_Problem statement_
In the records below, the line with "Ensemble de 3" opens the range and the line with "ABAKUHAUS – Kussenhoezen" closes it; print that range exactly and nothing else.

_Dataset extract_
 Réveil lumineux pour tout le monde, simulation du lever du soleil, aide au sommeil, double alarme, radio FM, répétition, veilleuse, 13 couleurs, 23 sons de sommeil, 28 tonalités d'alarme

--

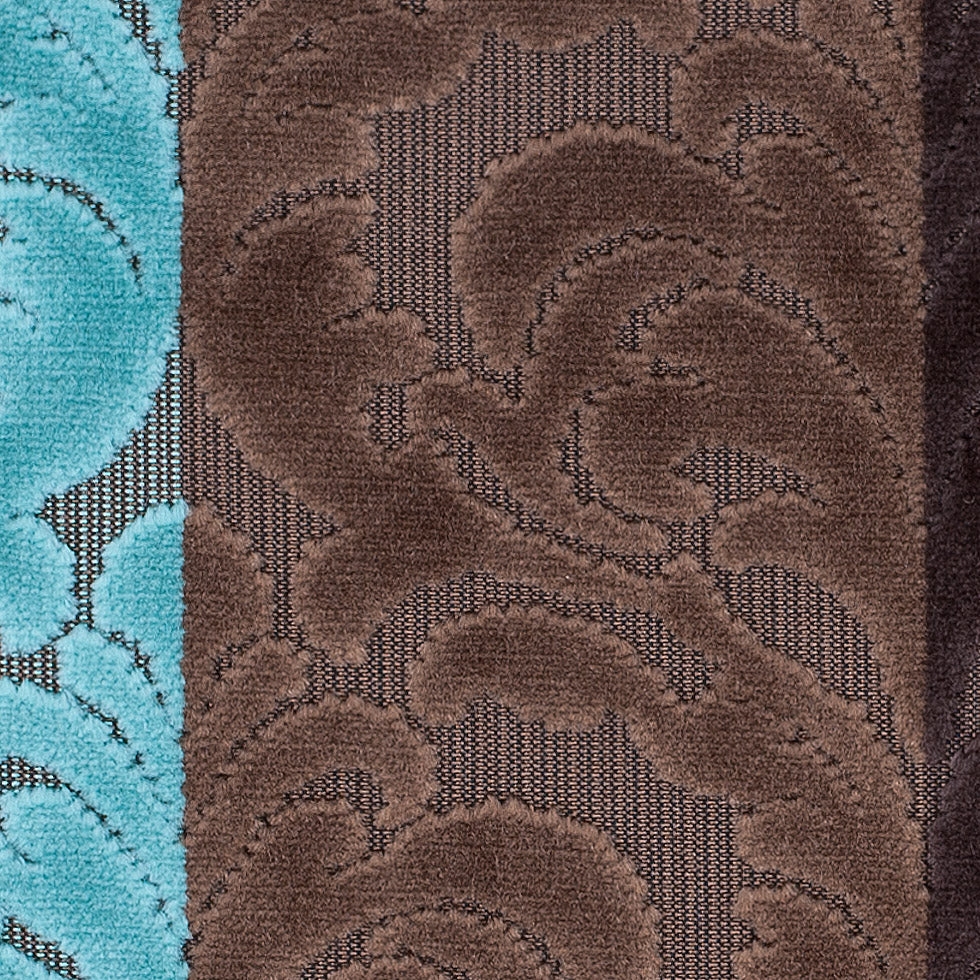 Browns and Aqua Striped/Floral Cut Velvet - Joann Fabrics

* * *

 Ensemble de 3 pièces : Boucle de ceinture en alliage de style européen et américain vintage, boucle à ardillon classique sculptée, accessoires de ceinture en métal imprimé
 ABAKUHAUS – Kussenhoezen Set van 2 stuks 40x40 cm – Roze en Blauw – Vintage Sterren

_Solution for this exercise_
 Ensemble de 3 pièces : Boucle de ceinture en alliage de style européen et américain vintage, boucle à ardillon classique sculptée, accessoires de ceinture en métal imprimé
 ABAKUHAUS – Kussenhoezen Set van 2 stuks 40x40 cm – Roze en Blauw – Vintage Sterren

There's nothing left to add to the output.